Just wanted to say how much I appreciate @betolink acting as a communication channel between Xarray and NASA. Users often end up on our issue tracker because Xarray raises errors whenever it can't read data. But the source of these problems is not with Xarray, it's with the upstream data provider.

This also happens all the time with xmitgcm, e.g. https://github.com/MITgcm/xmitgcm/issues/266

It would be great if NASA had a better way to respond to these issues which didn't require that you "know a guy".

betolink commented 2 years ago

I'm happy to help! @rabernat, Makhan @virdi from NASA Langley just reminded me the other day that there is a forum for NASA Earthdata users with a direct line to the program managers and scientists that may be the best place to ask data related questions. I think you only need to register with EDL.

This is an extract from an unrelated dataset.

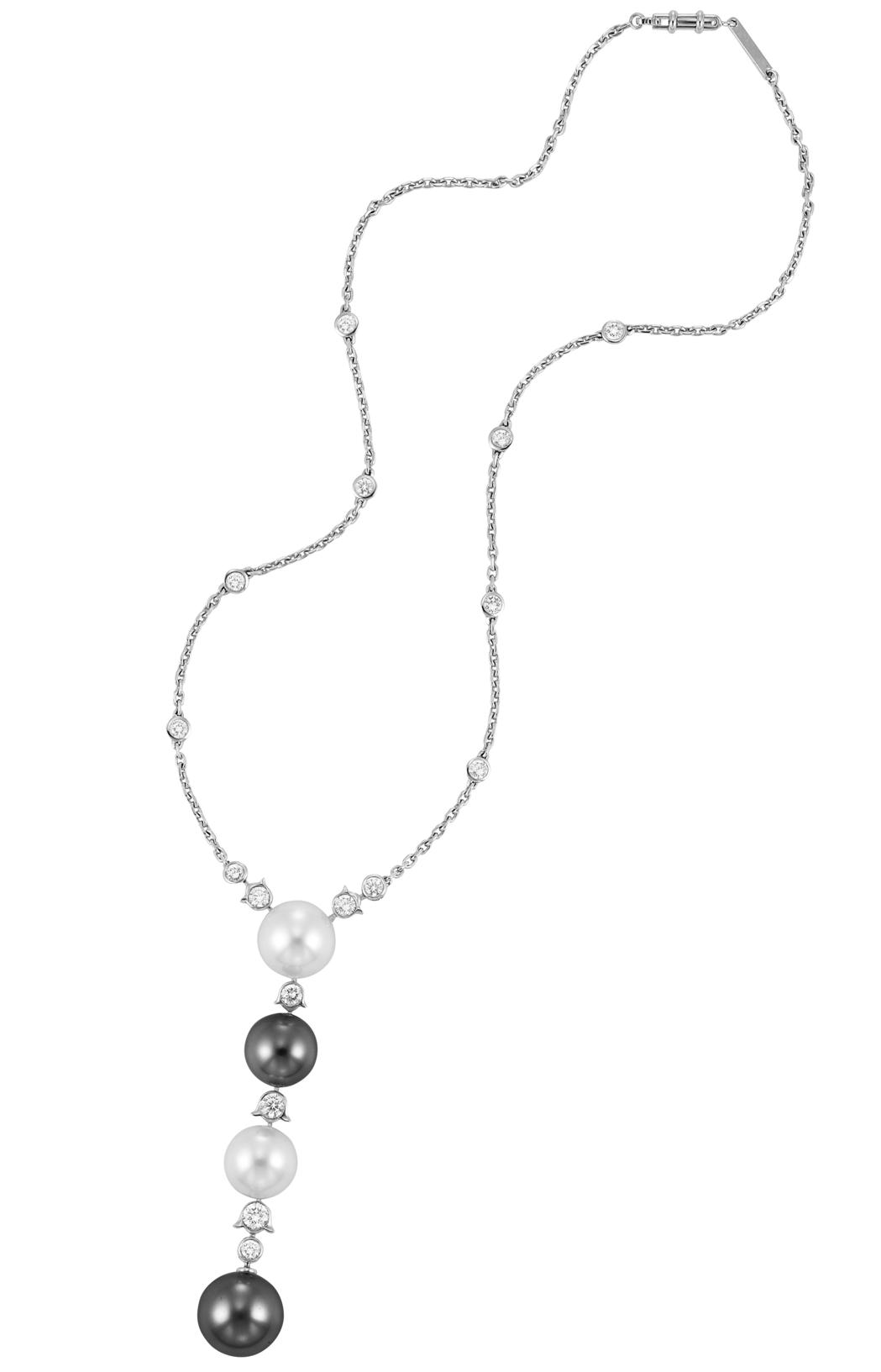 Appraisal: White Gold Gray and White Cultured Pearl and Diamond Chain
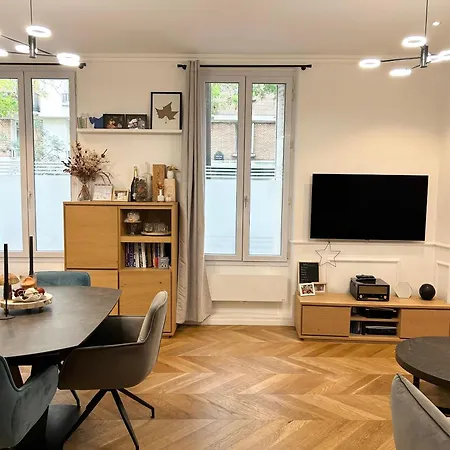 아파트 16 Lux And Cozy 2 Bedroom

https://forum.earthdata.nasa.gov/

rabernat commented 2 years ago

One solution to this problem might be the creation of a custom Xarray backend for NASA EarthData. This backend could manage authentication with EDL and have its own documentation. If this package were maintained by NASA, it would close the feedback loop more effectively.